[Action item]
Could you return, exactly as written, every line from the one containing "2025 Dacia Sandero" through the last line of the entries below, leaving out the pictures?

* * *

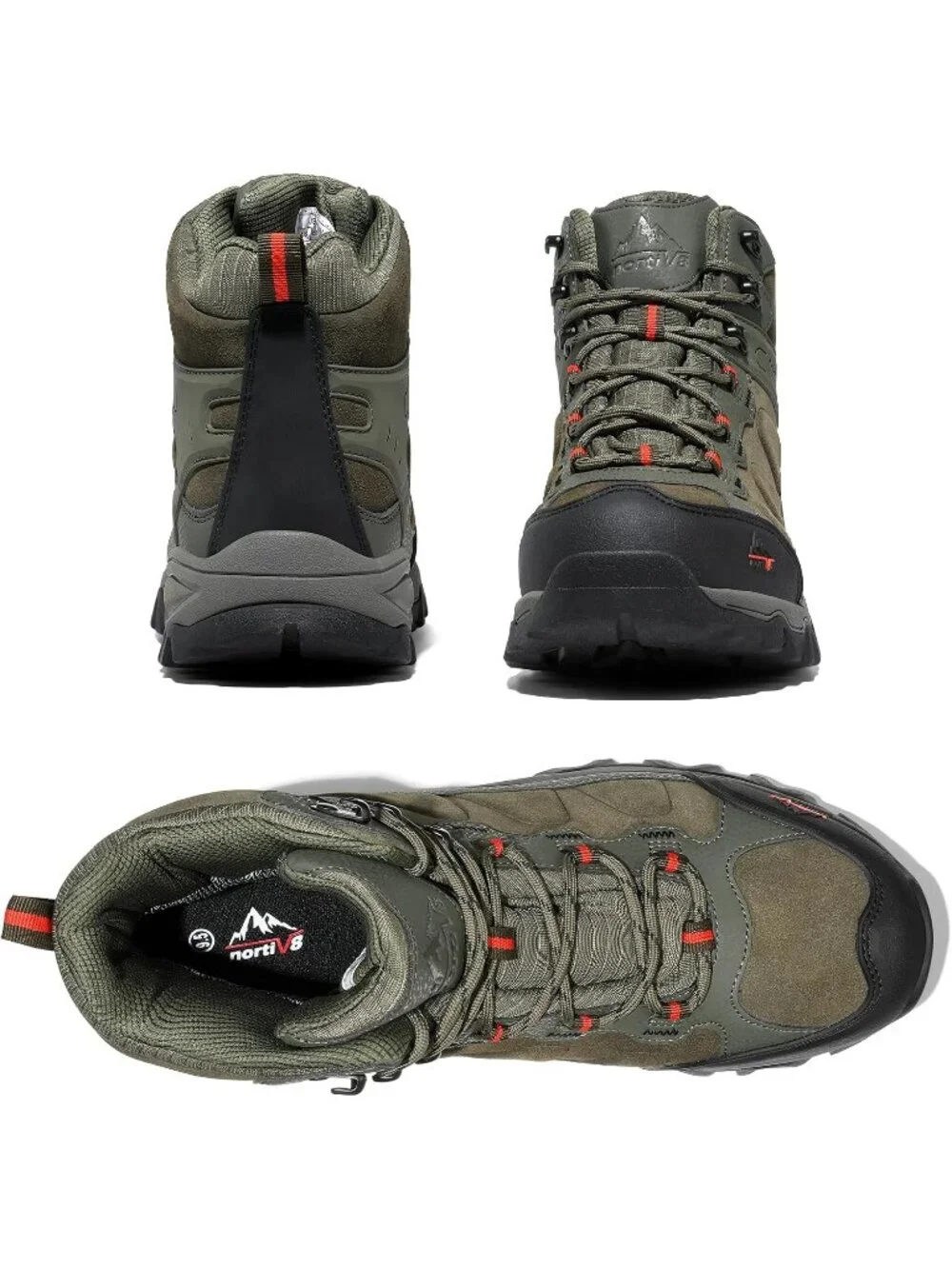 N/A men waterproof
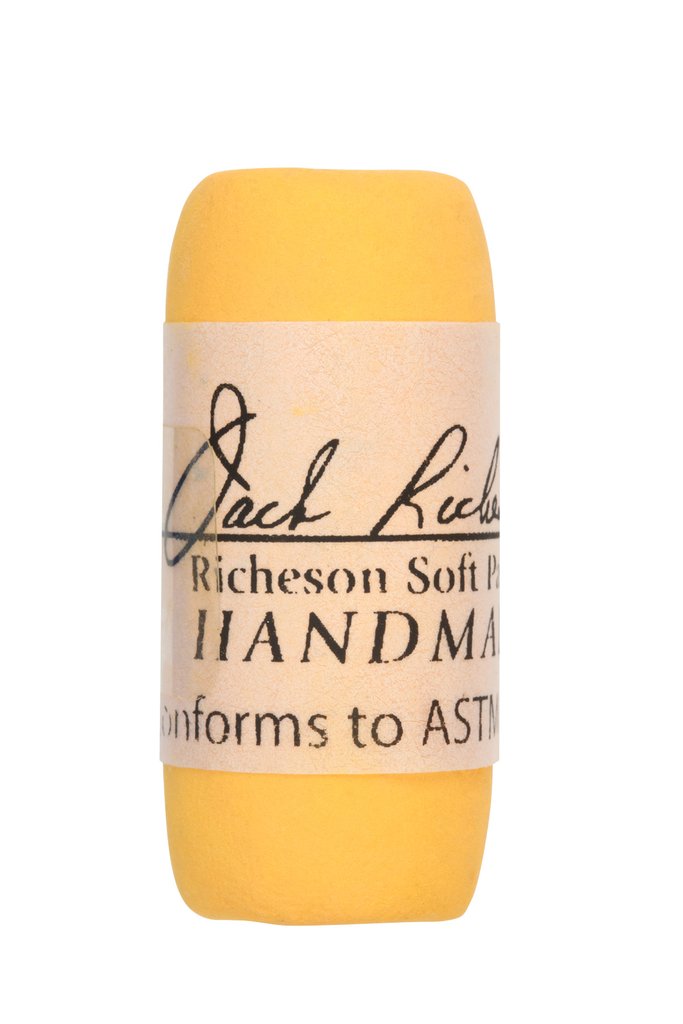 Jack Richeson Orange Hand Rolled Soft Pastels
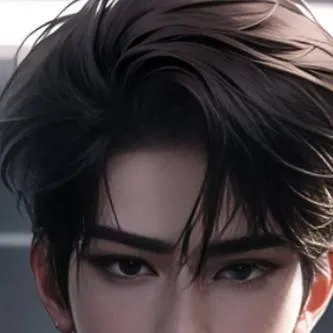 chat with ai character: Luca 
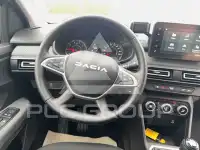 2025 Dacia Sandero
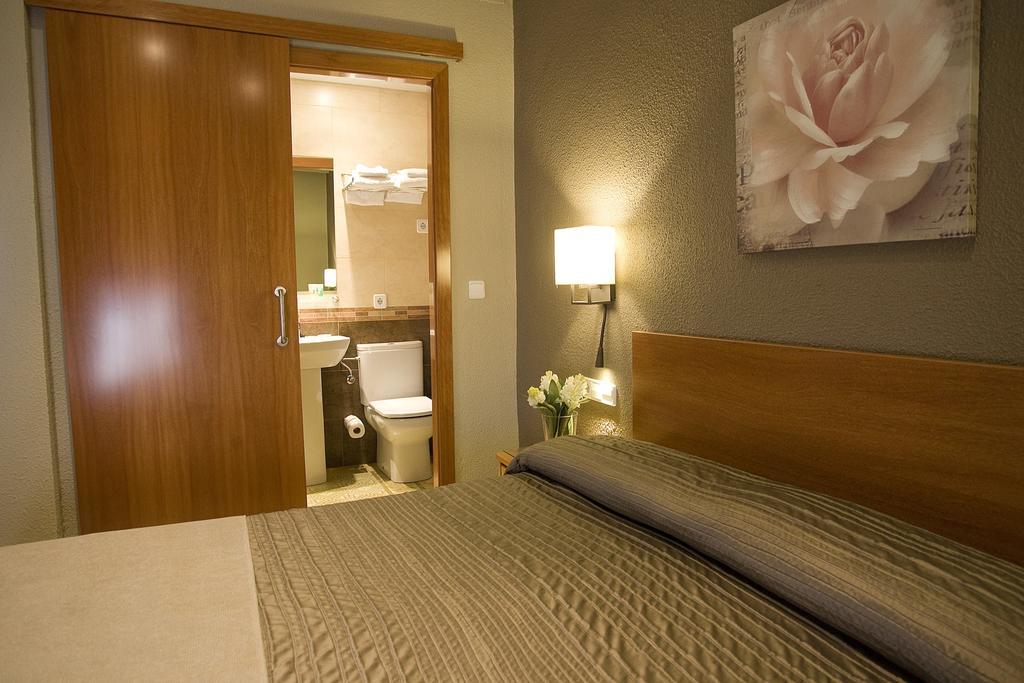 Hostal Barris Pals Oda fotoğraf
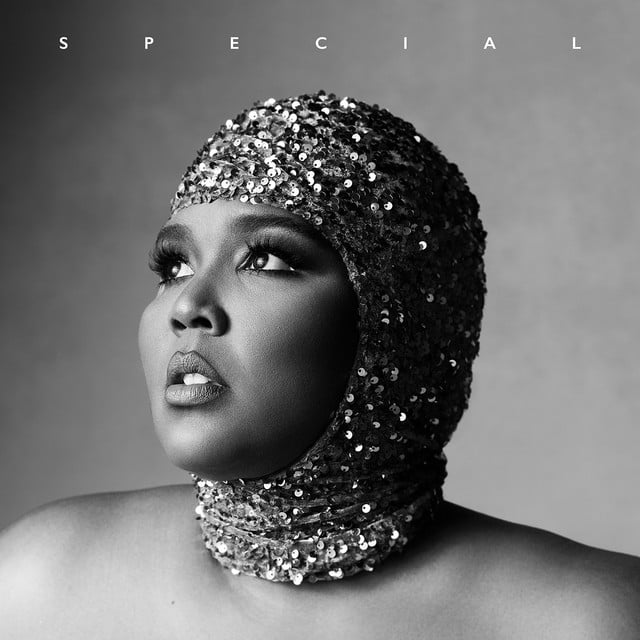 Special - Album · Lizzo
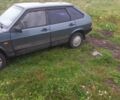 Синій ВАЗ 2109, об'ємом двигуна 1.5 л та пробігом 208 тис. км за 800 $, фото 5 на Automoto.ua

* * *

[Task result]
 2025 Dacia Sandero
 Hostal Barris Pals Oda fotoğraf
 Special - Album · Lizzo
 Синій ВАЗ 2109, об'ємом двигуна 1.5 л та пробігом 208 тис. км за 800 $, фото 5 на Automoto.ua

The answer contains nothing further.